The sophomores in two classes taught by Dennis Brown and one class taught by Shelby Conn were challenged to build basic shelters using only what they could find. “They had to be scrap materials just like the people did in the Depression,” Brown said. Also, only materials that might have been available at that time were to be used.

The commons area between the CHS “A” and “B” buildings became a temporary “Hooverville” as students devised their shelters.

Hooverville was a common term for the homeless encampments that sprang up, usually at the edge of towns, during the Depression. Herbert Hoover was the nation’s president at the time. Persons who found themselves with no family to stay with and no means to obtain housing for their families constructed crude shelters from whatever was at their disposal in order to survive.
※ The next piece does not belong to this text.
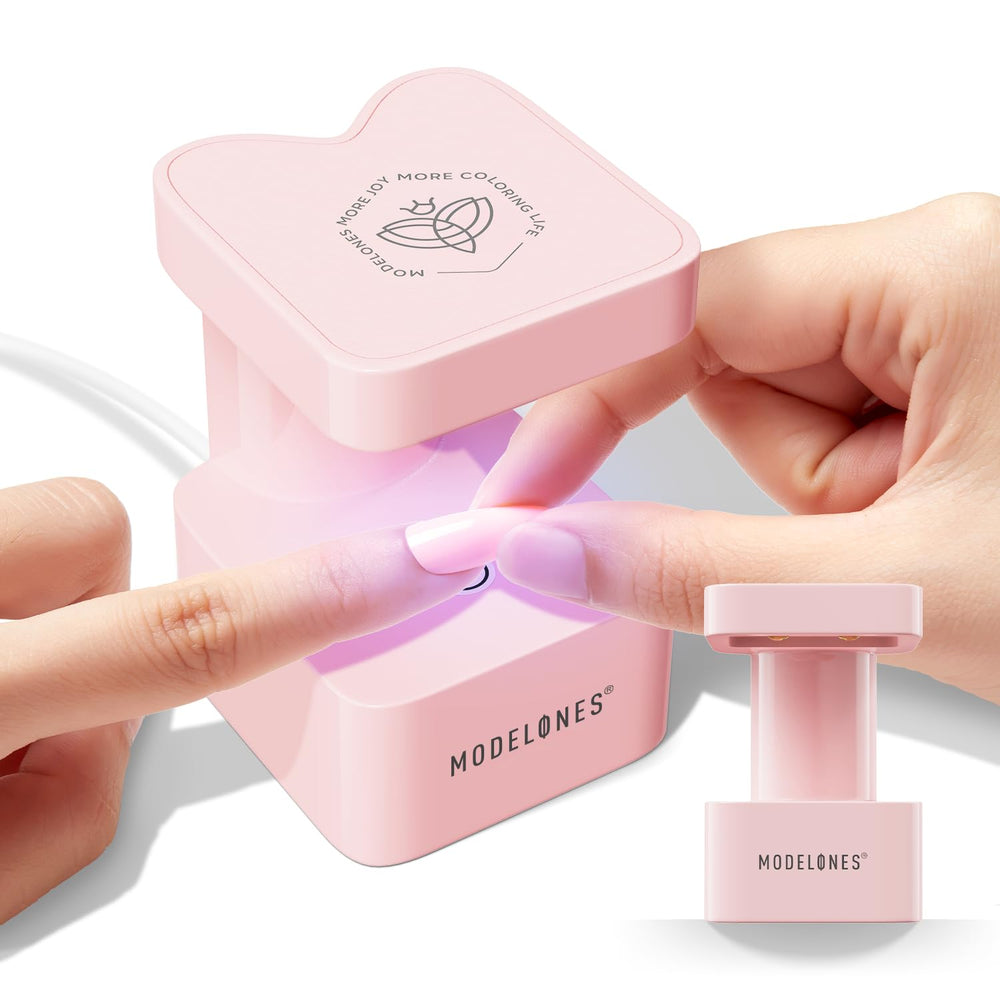 Modelones mini UV lamp front view showing compact design and quick curing benefit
Justin Watson headed up the student effort in Conn’s seventh hour class. They constructed a shelter that could accommodate four or five persons.

Watson said he got wooden pallets from local businesses and tore them apart for basic building materials. Other students contributed slab wood, cardboard and a tarp. “I brought in a lot of tools and equipment,” Watson added.

After assembling their scavenged goods, they then started making a boxy shelter with a wood frame and slab wood siding.

Watson said he enjoyed the project because it was a chance to get some hands-on experience.

Students in Brown’s classes used pallets, old tin, and scrap plywood to construct a shanty that class member Chayton Reese estimated could sleep up to ten persons on its cardboard floor. The basic structure, which had no heat source, was supplied with a tin roof that helped absorb the sun’s warmth during the day.

Rounding up materials and trying to fashion something livable from them was an eye-opener for students. “I feel they had it rough,” Reese said of persons living in the Depression. “They came from scratch.”

In all, four makeshift structures were built. Other CHS teachers then toured the Hooverville and voted for the one they liked best. The winning class was to receive a prize, which had not been determined as the Enterprise went to press. Then the structures were dismantled.
Hooverville 1

Using scrap lumber, old plywood, used tin and discarded cardboard, students in one of Dennis Brown's classes put the finishing touches on their makeshift shelter Monday afternoon on the campus of Cabool High School.

Hooverville 2

Students in Shelby Conn's seventh hour American History class pose with the shelter they constructed from found materials as part of a study on the Great Depression.